It's All Coming Back to Me Now

...but not all of them. There are plenty of artists who made it big before the 1990s who enjoyed continued influence and chart success throughout the decade.

While Bryan Adams had been releasing albums throughout the 1980s, his biggest hit would come with the song 'Everything I Do (I Do It For You)', an entry on the soundtrack to the film Robin Hood : Prince of Thieves. Celine Dion (who had become famous in her native Canada) would become a worldwide celebrity and would also score a soundtrack-related hit with 'My Heart Will Go On' from the film Titanic.

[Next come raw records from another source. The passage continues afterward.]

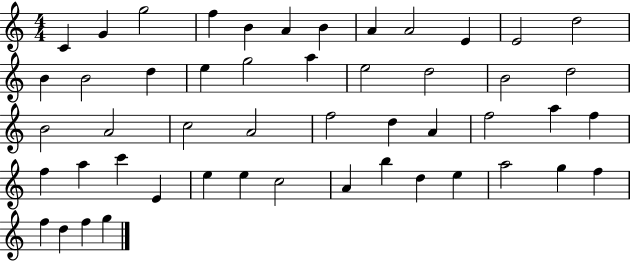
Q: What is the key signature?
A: C major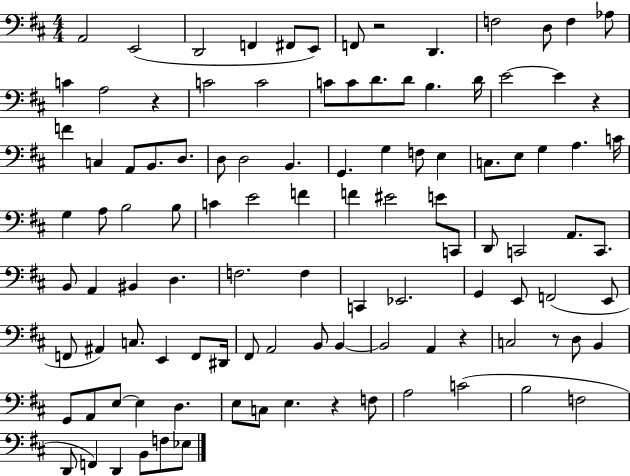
X:1
T:Untitled
M:4/4
L:1/4
K:D
A,,2 E,,2 D,,2 F,, ^F,,/2 E,,/2 F,,/2 z2 D,, F,2 D,/2 F, _A,/2 C A,2 z C2 C2 C/2 C/2 D/2 D/2 B, D/4 E2 E z F C, A,,/2 B,,/2 D,/2 D,/2 D,2 B,, G,, G, F,/2 E, C,/2 E,/2 G, A, C/4 G, A,/2 B,2 B,/2 C E2 F F ^E2 E/2 C,,/2 D,,/2 C,,2 A,,/2 C,,/2 B,,/2 A,, ^B,, D, F,2 F, C,, _E,,2 G,, E,,/2 F,,2 E,,/2 F,,/2 ^A,, C,/2 E,, F,,/2 ^D,,/4 ^F,,/2 A,,2 B,,/2 B,, B,,2 A,, z C,2 z/2 D,/2 B,, G,,/2 A,,/2 E,/2 E, D, E,/2 C,/2 E, z F,/2 A,2 C2 B,2 F,2 D,,/2 F,, D,, B,,/2 F,/2 _E,/2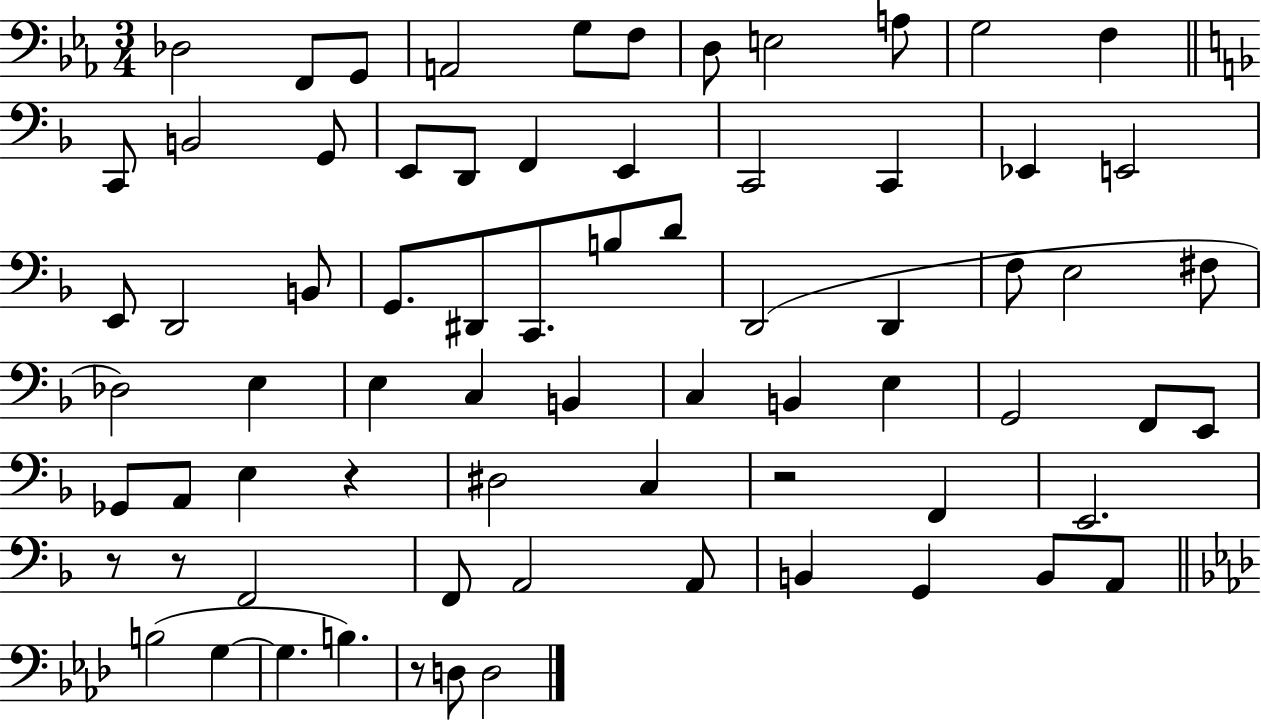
Db3/h F2/e G2/e A2/h G3/e F3/e D3/e E3/h A3/e G3/h F3/q C2/e B2/h G2/e E2/e D2/e F2/q E2/q C2/h C2/q Eb2/q E2/h E2/e D2/h B2/e G2/e. D#2/e C2/e. B3/e D4/e D2/h D2/q F3/e E3/h F#3/e Db3/h E3/q E3/q C3/q B2/q C3/q B2/q E3/q G2/h F2/e E2/e Gb2/e A2/e E3/q R/q D#3/h C3/q R/h F2/q E2/h. R/e R/e F2/h F2/e A2/h A2/e B2/q G2/q B2/e A2/e B3/h G3/q G3/q. B3/q. R/e D3/e D3/h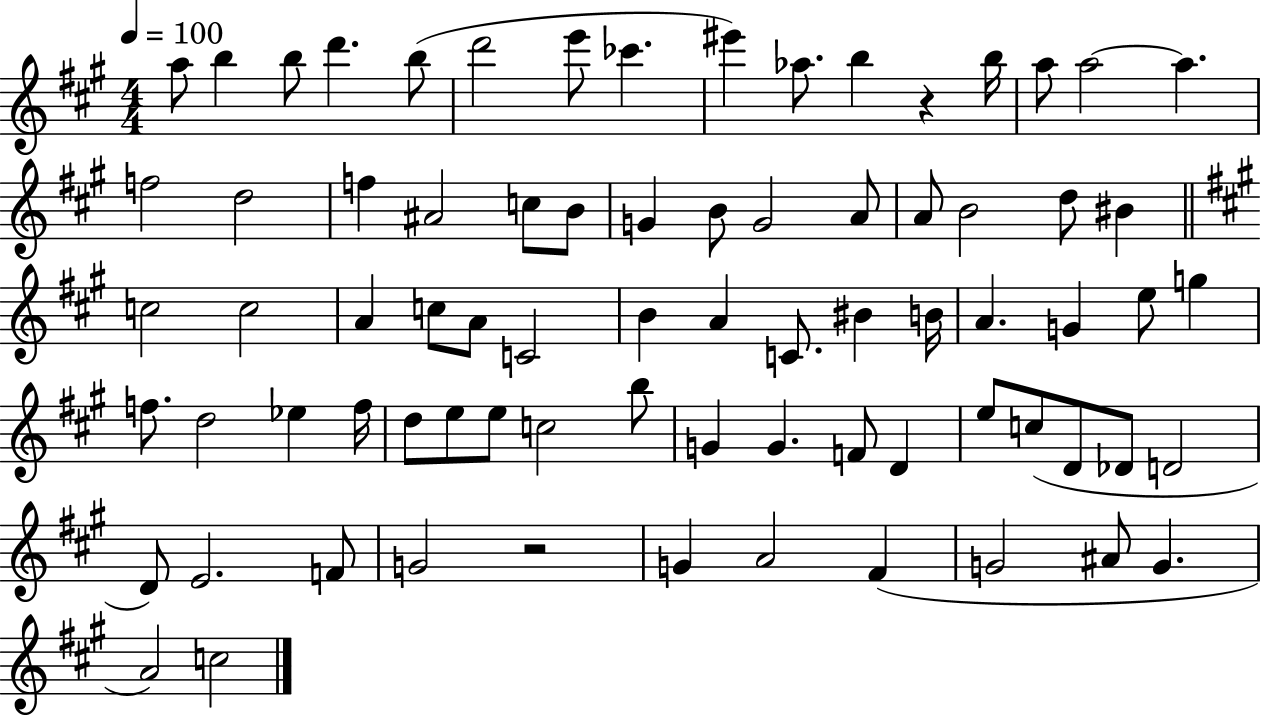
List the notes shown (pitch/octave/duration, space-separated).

A5/e B5/q B5/e D6/q. B5/e D6/h E6/e CES6/q. EIS6/q Ab5/e. B5/q R/q B5/s A5/e A5/h A5/q. F5/h D5/h F5/q A#4/h C5/e B4/e G4/q B4/e G4/h A4/e A4/e B4/h D5/e BIS4/q C5/h C5/h A4/q C5/e A4/e C4/h B4/q A4/q C4/e. BIS4/q B4/s A4/q. G4/q E5/e G5/q F5/e. D5/h Eb5/q F5/s D5/e E5/e E5/e C5/h B5/e G4/q G4/q. F4/e D4/q E5/e C5/e D4/e Db4/e D4/h D4/e E4/h. F4/e G4/h R/h G4/q A4/h F#4/q G4/h A#4/e G4/q. A4/h C5/h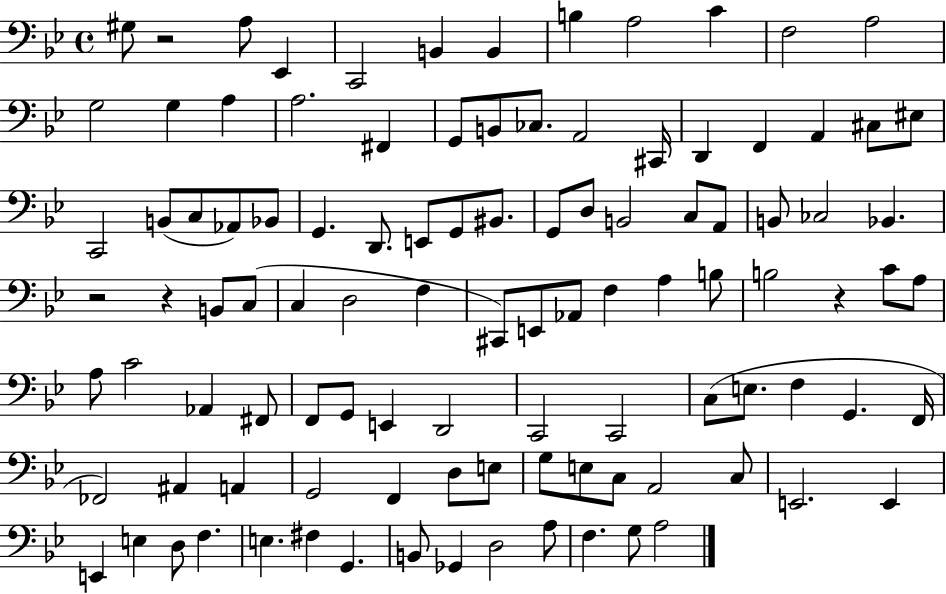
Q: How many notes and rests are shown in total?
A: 105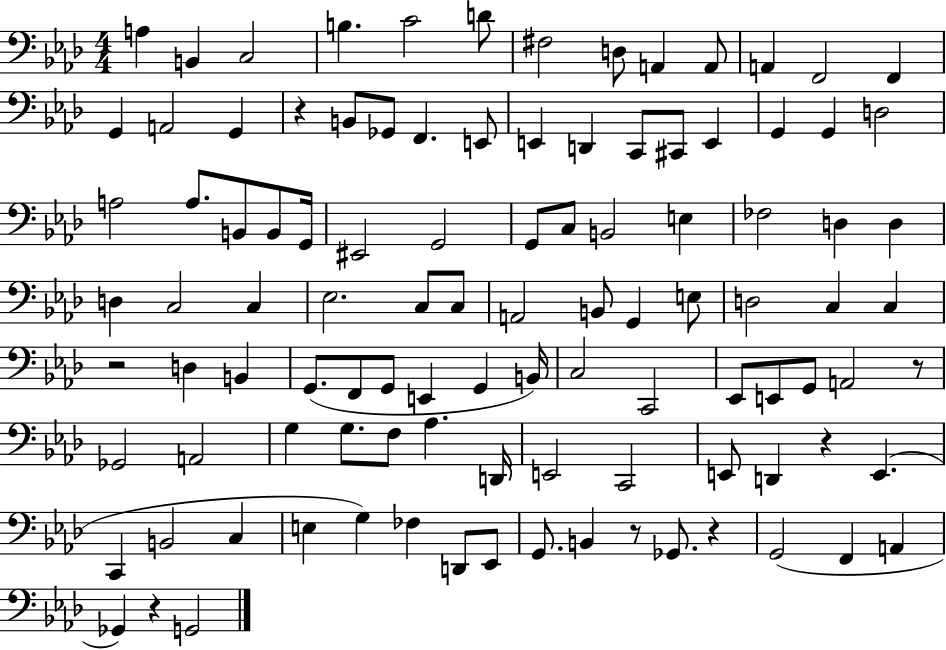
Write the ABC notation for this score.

X:1
T:Untitled
M:4/4
L:1/4
K:Ab
A, B,, C,2 B, C2 D/2 ^F,2 D,/2 A,, A,,/2 A,, F,,2 F,, G,, A,,2 G,, z B,,/2 _G,,/2 F,, E,,/2 E,, D,, C,,/2 ^C,,/2 E,, G,, G,, D,2 A,2 A,/2 B,,/2 B,,/2 G,,/4 ^E,,2 G,,2 G,,/2 C,/2 B,,2 E, _F,2 D, D, D, C,2 C, _E,2 C,/2 C,/2 A,,2 B,,/2 G,, E,/2 D,2 C, C, z2 D, B,, G,,/2 F,,/2 G,,/2 E,, G,, B,,/4 C,2 C,,2 _E,,/2 E,,/2 G,,/2 A,,2 z/2 _G,,2 A,,2 G, G,/2 F,/2 _A, D,,/4 E,,2 C,,2 E,,/2 D,, z E,, C,, B,,2 C, E, G, _F, D,,/2 _E,,/2 G,,/2 B,, z/2 _G,,/2 z G,,2 F,, A,, _G,, z G,,2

Michael Jackson also enjoyed further success with his albums Dangerous and History (the latter's sales were helped by it being boxed with a greatest hits collection). Another 1980s megastar reinvented herself for a new generation, scoring a huge hit with her album Ray of Light - and who could that be but Madonna?

And some artists just keep going: The Rolling Stones, Pink Floyd and U2 continued their recorded output and massive live shows, and Elton John had the biggest-selling single of all time with 'Candle in the Wind 97'. released in the wake of the death of Princess Diana. Sir Cliff Richard achieved a UK Number One in five consecutive decades, giving longevity a good name. Even being dead didn't stop Elvis Presley from being one of the most prolific artists of the decade with 42 album re-releases.

Come As You Are

Late in the 1980s, bands like Boston’s Pixies and Seattle’s Soundgarden were doing interesting (and very loud) takes on punk rock. The Seattle scene in particular was buzzing with the likes of Mudhoney, Pearl Jam and Nirvana; when Soundgarden and later, Pearl Jam, Nirvana and Alice In Chains secured major label record deals, the scene was set for an explosion in the music that would come to be known across the world as grunge.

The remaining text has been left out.